Having recently had my Nick Hornby interest piqued by the film adaptation of “Juliet, Naked” (based on his 2009 novel), I finally read his 2014 entry “Funny Girl.” The description sounds sort of like “The Marvelous Mrs. Maisel”: A young woman in the 1960s wants to be a comedy actress rather than working in her hometown department store. The novel ends up being quite different from “Maisel,” but the genre is the same: It’s historical fiction that reflects the reality of the time and place but invents fictional famous people and touchstones.
Specifics of the era
“Funny Girl” starts slowly, with the focus on Barbara, who aims to get out of her blue-collar Blackpool life to the entertainment scene in London. A hundred pages in, it’s clear this is an ensemble piece about all the makers of the BBC sitcom “Barbara (and Jim).” In addition to leads Barbara – who changes her name to Sophie Straw on her agent’s recommendation – and Clive, we get to know writers Tony and Bill and producer Dennis.

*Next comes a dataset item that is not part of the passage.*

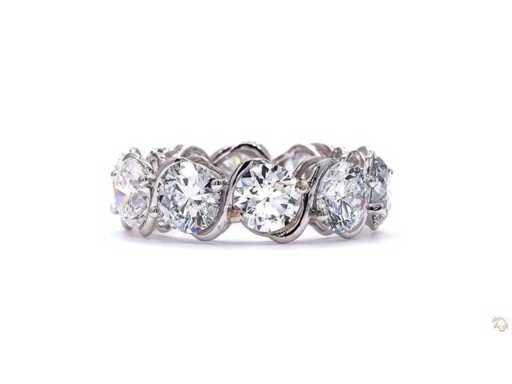 Platin-Ewigkeitsring mit 5,03 ct. Diamant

“Funny Girl” digs into the specifics of developing a TV program in this era, and as is always the case with Hornby novels, the real-world details and the way people talk about them and deal with them are funny. Similar to how “Juliet, Naked” is about a music album we can’t actually hear, “Funny Girl” is about a TV show we can’t actually watch. But Hornby’s descriptions do the trick. I imagine a proto-“Seinfeld,” especially when he describes episodes such as “The New Bathroom,” which chronicles Jim and Barbara doing their own plumbing work.
Hornby comments on issues of 1960s Britain by having his characters navigate through them. Sophie fends off her agent’s attempts to land her roles like the girl who gets painted gold in a James Bond film; luckily, her first show is a hit, so she dodges that sort of stereotyping. Even as blond bombshell Sophie tiptoes into a slightly more sexually free culture, writers Tony and Bill try slightly edgier things in their scripts, but it isn’t easy on the taxpayer-funded BBC. They tiptoe forward: Simply portraying problems in a marriage is groundbreaking.

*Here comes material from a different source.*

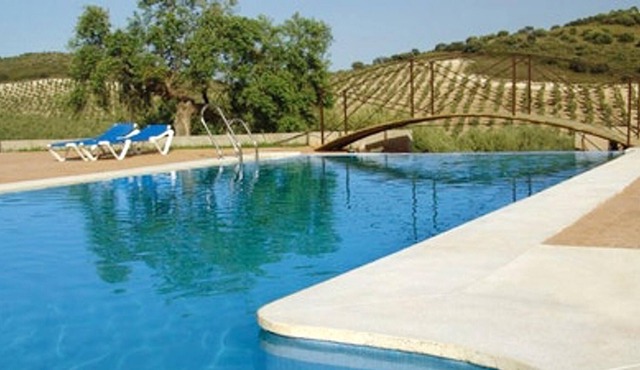 Homerez - Big house for 9 ppl. with shared pool and terrace at Estepa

The writing partners serve as foils for each other in their non-work lives, as both deal with out-of-the-ordinary sexual orientations. Tony marries a woman, and initially struggles in bed even though he loves her, while Bill enters the burgeoning homosexual scene in London. As a good-looking actor, Clive enjoys how easy it is to land women. Dennis pines after Sophie, having loved her at first sight.

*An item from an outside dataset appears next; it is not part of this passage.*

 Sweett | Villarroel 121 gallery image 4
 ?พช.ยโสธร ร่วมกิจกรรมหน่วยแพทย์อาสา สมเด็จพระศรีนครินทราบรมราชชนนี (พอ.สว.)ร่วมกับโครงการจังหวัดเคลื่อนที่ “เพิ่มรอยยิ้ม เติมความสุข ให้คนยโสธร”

Himself an entertainment critic, Hornby provides a couple of newspaper critics’ write-ups on “Barbara (and Jim),” which give us a feel for the type of show it is, how people are responding to it and how it fits into the zeitgeist. In a very funny segment, Dennis goes on a TV talk show to debate the merits of sitcoms with a stuffed-shirt scholar who believes they have no value. Dennis destroys the academic by noting that Shakespeare wrote for the masses, too.
It’s not easy to go mainstream
“Funny Girl” makes a strong case that it’s not easy to make something that nearly half of the country’s population tunes in to, while at the same time showing how the format stifles Tony’s and Bill’s creative impulses. Bill, indeed, is writing a book on the side. We also see the scribes struggling at times; Hornby tells of creative peaks and spikes in popularity, creative valleys and dips in popularity.
In the end, I came out happy that I learned more about 1960s British TV – not because I necessarily adore the subject but rather because Hornby makes the journey with these five people so engrossing and enjoyable.
A final segment of “Funny Girl” is bittersweet and nostalgic as we jump to present day. Sophie, who went on to a successful acting career, wonders how she can be old when she grew up in the time of color TV and pop music. Meanwhile, Hornby adds another sad/funny real-world detail: Most episodes of “Barbara (and Jim)” were taped over by the BBC.
This will be a particularly challenging book to adapt to film (“Funny Girl” and 2003’s “How to Be Good” are his only novels not to be adapted yet), because so many details have to be pitched just right. I’d be thrilled if the makers of “Juliet, Naked” took a crack at it.